*RECORDS TO PROCESS*:
:::::
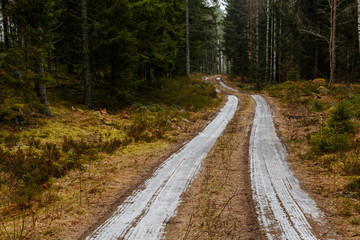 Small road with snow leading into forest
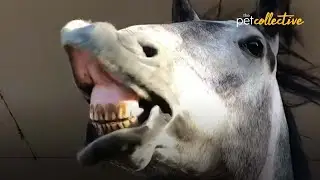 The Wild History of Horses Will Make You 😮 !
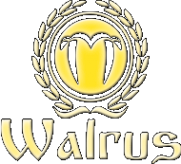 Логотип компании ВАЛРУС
:::::
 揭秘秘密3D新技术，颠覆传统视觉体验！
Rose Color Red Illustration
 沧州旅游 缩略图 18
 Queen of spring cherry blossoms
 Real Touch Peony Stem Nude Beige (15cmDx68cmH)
:::::
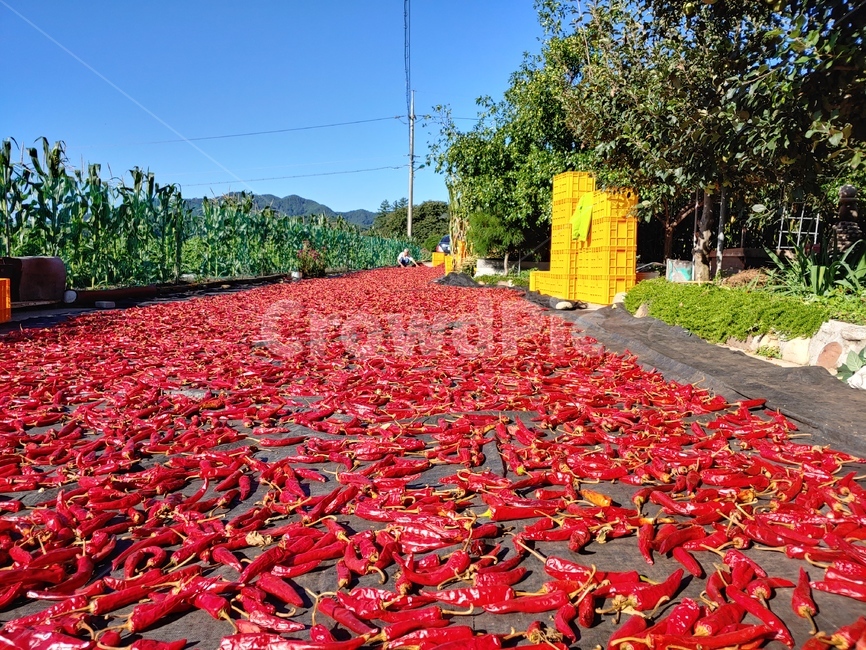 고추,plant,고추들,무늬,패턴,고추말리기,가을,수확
:::::
*WORK TO BE COMPLETED*: The line holding "Small road with snow leading into forest" starts the copy and the line holding "Логотип компании ВАЛРУС" ends it. Repeat those two lines above and all between them exactly, leaving out pictures.

*SOLUTION TO THIS PROBLEM*:
 Small road with snow leading into forest
 The Wild History of Horses Will Make You 😮 !
 Логотип компании ВАЛРУС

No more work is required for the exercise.